Aturan-aturan di atas merupakan perwujudan dalam
peristiwa tutur yang dapat terjadi secara simultan yang pada dasarnya sebagai
pelengkap prinsipprinsip kerjasama. Dalam kondisi tertentu prinsip kerjasama
lebih dominan daripada prinsip kesantunan, sementara itu pada kondisi yang lain
kemungkinan akan terjadi sebaliknya prinsip kesantunan lebih dominan daripada
prinsip kerjasama.
Adapun skala pengukur kesantunan yang banyak
digunakan sebagai dasar acuan dalam penelitian kesantunan ada tiga macam, yaitu
(1) skala kesantunan menurut Leech (1983), (2) skala kesantunan menurut Brown
dan Levinson (1978), dan (3) skala kesantunan menurut Lakoff (1973).
a.
Skala Kesantunan Leech
Skala kesantunan Leech (1983), mengemukakan setiap bidal interpersonal
itu dapat dimanfaatkan untuk menentukan peringkat kesantunan menurut tuturan,
yaitu (1) skala untung rugi (cost-benefit scale, (2) skala pilihan (optionaly
scale, (3) skala ketidaklangsungan (indirectness scale, (4) skala keotoritasan
status sosial (authority scale), dan (5) skala jarak sosial (social distance
scale).

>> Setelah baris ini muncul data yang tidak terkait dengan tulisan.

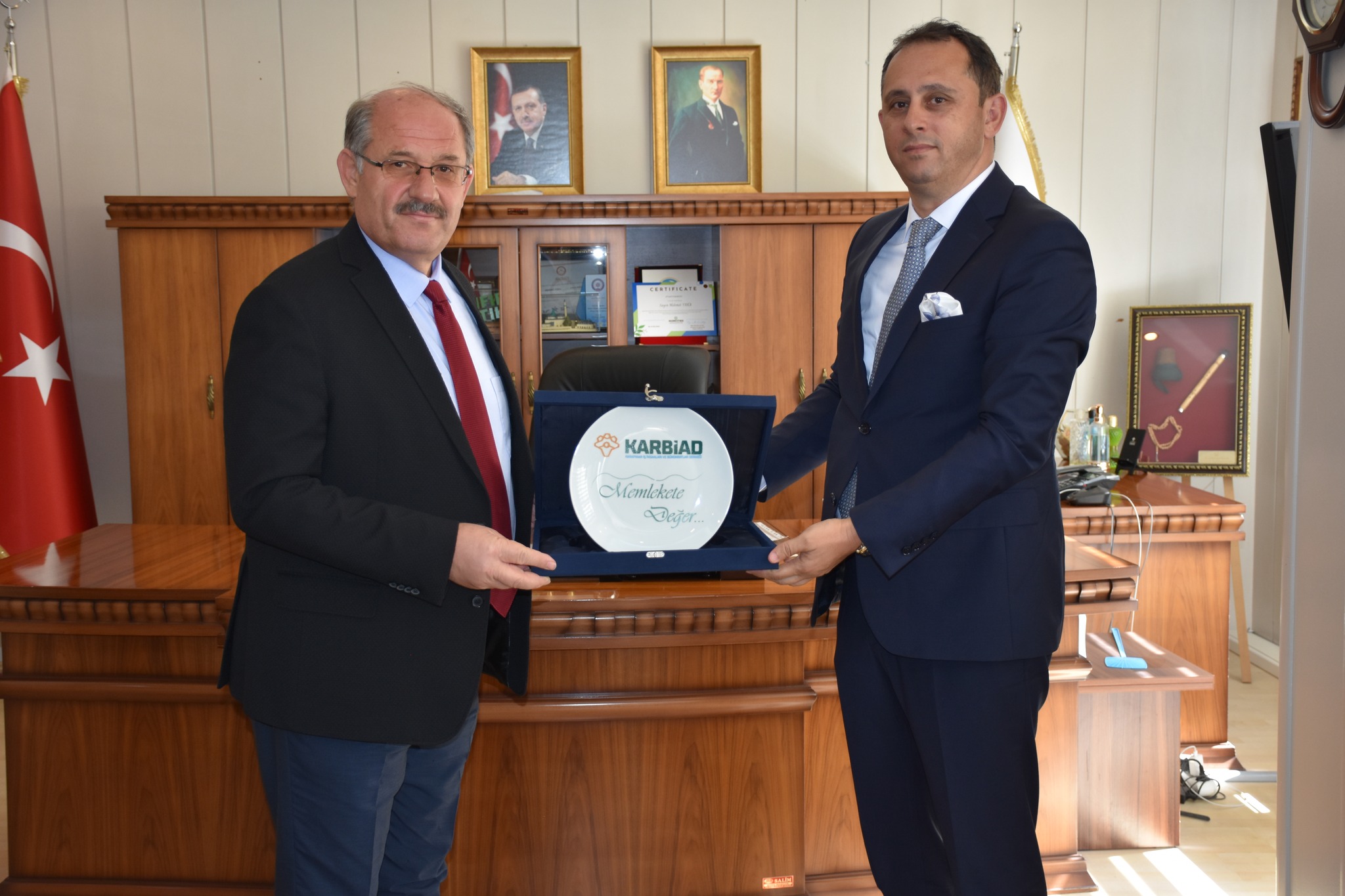 KARBİAD yönetiminden Karapınar Belediye Başkanı Mehmet Yaka ziyareti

Penjabaran kelima skala Leech sebagai berikut:
(1) Skala kerugian dan keuntungan
(cost benefit scale) lebih mengacu pada besar kecilnya kerugian dan keuntungan
yang diakibatkan oleh sebuah tindak tutur pada sebuah penuturan. Makin tuturan
tersebut merugikan diri penutur akan dianggap santunlah tuturan itu. Demikian
sebaliknya apabila tuturan itu menguntungkan diri penutur akan makin dianggap
tidak santunlah tuturan itu. Hal ini dapat dilakukan dengan cara memberikan
alternatif atau pilihan, karena makin banyak pilihan maka makin santunlah
tuturan itu. Namun apabila dalam sebuah tuturan tidak ada pilihan atau alternatif
dalam memecahkan sebuah problem maka dianggap tidak santun, karena terkesan
menyuruh dan memaksa penutur. Kemungkinan usia penutur lebih tua dari mitra
tutur, alangkah lebih baiknya dalam memecahkan problem mitra tutur memberi
banyak alternatif agar tidak terkesan menggurui kepada penutur, seperti pada
tuturan,
(6) Singgahlah ke gubukku walau sebentar.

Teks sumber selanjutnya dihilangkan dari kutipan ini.